This summer, White Plains (N.Y.) Hospital Center again offered the Nurse Apprentice and Student Nurse Associate programs competitive projects for students interested in pursuing nursing as a career. Although nearly 70 applied for each program, only 22 candidates per program were accepted based on required criteria and a selective interview process.
The Nurse Apprentice Program is designed for high school juniors or seniors who are interested in applying to nursing colleges, or nursing college students who have not started clinical rotations. Its a seven-week summer program that includes an intense orientation, a swap day spent in a specialty area other than nursing and a three-week rotation on two hospital units. During this time, students assist with direct patient care, take vital signs, transport, clean and feed patients, answer call bells, run errands, observe code blues, assist with postmortem care, observe OR procedures, and witness single and multiple births. The students work closely with staff to understand the rewards and challenges of nursing.
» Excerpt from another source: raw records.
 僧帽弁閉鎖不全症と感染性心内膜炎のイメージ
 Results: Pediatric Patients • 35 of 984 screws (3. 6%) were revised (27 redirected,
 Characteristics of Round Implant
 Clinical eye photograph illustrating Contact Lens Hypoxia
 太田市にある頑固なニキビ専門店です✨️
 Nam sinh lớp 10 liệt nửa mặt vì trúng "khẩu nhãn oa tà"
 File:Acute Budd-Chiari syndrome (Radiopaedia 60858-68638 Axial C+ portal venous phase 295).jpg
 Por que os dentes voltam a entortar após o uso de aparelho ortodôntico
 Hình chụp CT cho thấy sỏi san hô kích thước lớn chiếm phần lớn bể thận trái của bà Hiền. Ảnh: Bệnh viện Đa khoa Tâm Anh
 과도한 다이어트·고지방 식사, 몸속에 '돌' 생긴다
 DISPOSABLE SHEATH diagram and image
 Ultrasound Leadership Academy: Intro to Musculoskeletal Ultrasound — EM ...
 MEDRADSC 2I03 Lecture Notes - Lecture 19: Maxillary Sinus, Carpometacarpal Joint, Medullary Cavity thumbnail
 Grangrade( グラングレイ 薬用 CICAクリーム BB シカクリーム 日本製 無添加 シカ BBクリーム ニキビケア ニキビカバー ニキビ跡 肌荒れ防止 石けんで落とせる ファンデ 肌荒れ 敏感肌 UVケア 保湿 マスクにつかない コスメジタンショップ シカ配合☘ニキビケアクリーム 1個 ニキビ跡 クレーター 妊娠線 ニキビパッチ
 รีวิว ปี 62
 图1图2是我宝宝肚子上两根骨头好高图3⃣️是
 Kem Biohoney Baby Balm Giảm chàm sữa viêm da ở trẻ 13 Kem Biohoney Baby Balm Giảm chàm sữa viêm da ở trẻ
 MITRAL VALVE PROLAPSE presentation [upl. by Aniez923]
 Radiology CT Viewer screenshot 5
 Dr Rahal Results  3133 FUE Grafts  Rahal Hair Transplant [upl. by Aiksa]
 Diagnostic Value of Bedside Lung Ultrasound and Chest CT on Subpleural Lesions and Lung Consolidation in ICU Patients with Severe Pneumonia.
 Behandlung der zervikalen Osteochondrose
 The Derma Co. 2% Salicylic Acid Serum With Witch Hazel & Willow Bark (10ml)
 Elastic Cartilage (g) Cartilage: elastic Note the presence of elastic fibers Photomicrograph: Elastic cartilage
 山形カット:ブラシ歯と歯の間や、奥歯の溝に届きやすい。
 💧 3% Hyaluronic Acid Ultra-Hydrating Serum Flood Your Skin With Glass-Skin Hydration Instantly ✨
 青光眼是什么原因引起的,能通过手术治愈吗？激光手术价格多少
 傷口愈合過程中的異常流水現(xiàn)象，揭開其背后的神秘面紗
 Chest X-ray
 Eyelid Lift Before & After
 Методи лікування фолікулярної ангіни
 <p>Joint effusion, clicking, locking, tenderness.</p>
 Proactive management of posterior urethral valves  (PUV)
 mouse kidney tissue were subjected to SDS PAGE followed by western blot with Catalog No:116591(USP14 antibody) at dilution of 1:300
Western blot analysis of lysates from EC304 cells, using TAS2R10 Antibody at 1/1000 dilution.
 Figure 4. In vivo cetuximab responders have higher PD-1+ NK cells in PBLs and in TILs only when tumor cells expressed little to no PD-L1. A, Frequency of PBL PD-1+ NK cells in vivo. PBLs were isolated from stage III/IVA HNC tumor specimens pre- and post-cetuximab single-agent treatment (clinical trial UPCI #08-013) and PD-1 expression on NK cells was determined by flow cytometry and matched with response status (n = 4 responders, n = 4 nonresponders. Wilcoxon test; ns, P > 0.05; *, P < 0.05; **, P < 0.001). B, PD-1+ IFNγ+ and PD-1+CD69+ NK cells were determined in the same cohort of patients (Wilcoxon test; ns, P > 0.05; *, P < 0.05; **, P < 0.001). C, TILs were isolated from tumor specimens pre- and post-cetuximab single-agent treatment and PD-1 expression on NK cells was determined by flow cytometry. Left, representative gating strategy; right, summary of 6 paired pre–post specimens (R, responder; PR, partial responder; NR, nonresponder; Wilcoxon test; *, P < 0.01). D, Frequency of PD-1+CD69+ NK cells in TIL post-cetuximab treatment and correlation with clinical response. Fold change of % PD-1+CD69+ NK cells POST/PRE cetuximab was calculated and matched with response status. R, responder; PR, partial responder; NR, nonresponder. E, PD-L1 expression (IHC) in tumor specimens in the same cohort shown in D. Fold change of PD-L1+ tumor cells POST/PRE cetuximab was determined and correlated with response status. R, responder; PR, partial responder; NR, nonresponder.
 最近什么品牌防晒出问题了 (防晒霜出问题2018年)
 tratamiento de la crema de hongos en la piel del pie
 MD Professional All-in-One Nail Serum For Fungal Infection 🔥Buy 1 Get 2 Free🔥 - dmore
At the end of the program, each student shared a brief summary of their experiences.The following 2010 White Plains RNs started as summer 2009 nurse associates, front row from left, Amanda Lisiewski, Jackie Zangari, Stephanie Montaldo, Vanessa Albani and Patty Swayne; middle row from left, Anesha Hines, Taris Yeboah, Amanda DeAngelis, Samantha Alessi, Ancy Oomman, Jessica Salvador and Chanika Campbell; and back row from left, Michael Malizia, Chandi Rai, Aleshia Falconer, Kelly Longworth, Shalimar Oviedo and Sarah Gluss.
The Student Nurse Associate Program is designed for college nursing students who have had at least one clinical rotation. Most of these candidates entered their final year of college this fall. They undergo an intense orientation and are assigned to a specific unit for 10 weeks. Their responsibilities included caring for a group of patients under the supervision of an RN.
As student nurses, they were able to strengthen their organization and priority skills, learn new procedures and techniques and were introduced to a variety of diseases and patients on a single unit. These students worked closely with nurse technicians and RNs to deliver safe care.
White Plains continues to strengthen its programs for future RNs, and several former nurse apprentices and student nurse associates began employment as RNs. Between June and September, 19 new graduates were hired and oriented on units throughout the center.